* **What is needed**
Your task is to restate word for word the lines in the material below, from the one with "Hotel Bellevue Benesov (Central Bohemian)" up to and including the one with "комерційна за адресою". Do not carry over the pictures.

* **Data in this exercise**

--- START ---

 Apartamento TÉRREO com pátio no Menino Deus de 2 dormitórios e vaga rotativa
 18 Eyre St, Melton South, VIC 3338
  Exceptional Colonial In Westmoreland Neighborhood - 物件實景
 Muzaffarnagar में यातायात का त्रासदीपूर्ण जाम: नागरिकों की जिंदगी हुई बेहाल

--- END ---
--- START ---

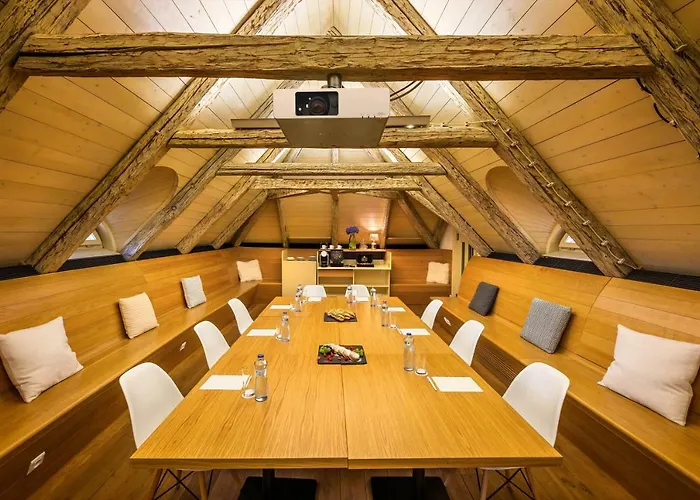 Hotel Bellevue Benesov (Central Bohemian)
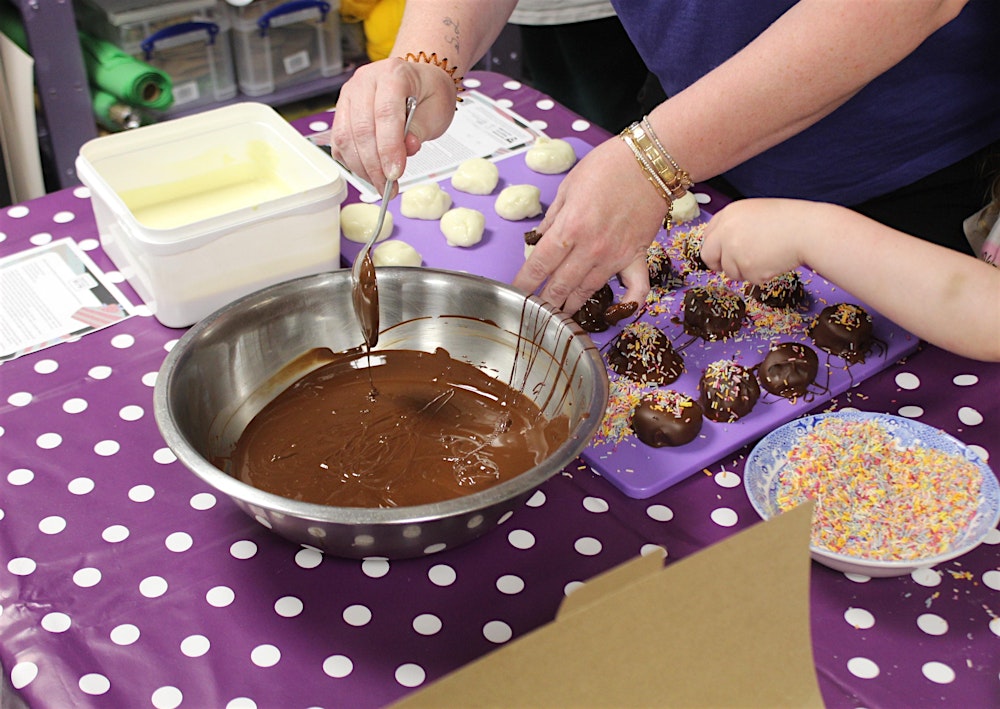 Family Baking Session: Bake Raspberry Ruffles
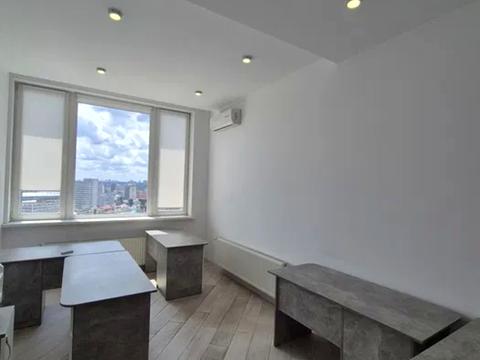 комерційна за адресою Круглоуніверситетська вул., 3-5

--- END ---

* **Your response**
 Hotel Bellevue Benesov (Central Bohemian)
 Family Baking Session: Bake Raspberry Ruffles
 комерційна за адресою Круглоуніверситетська вул., 3-5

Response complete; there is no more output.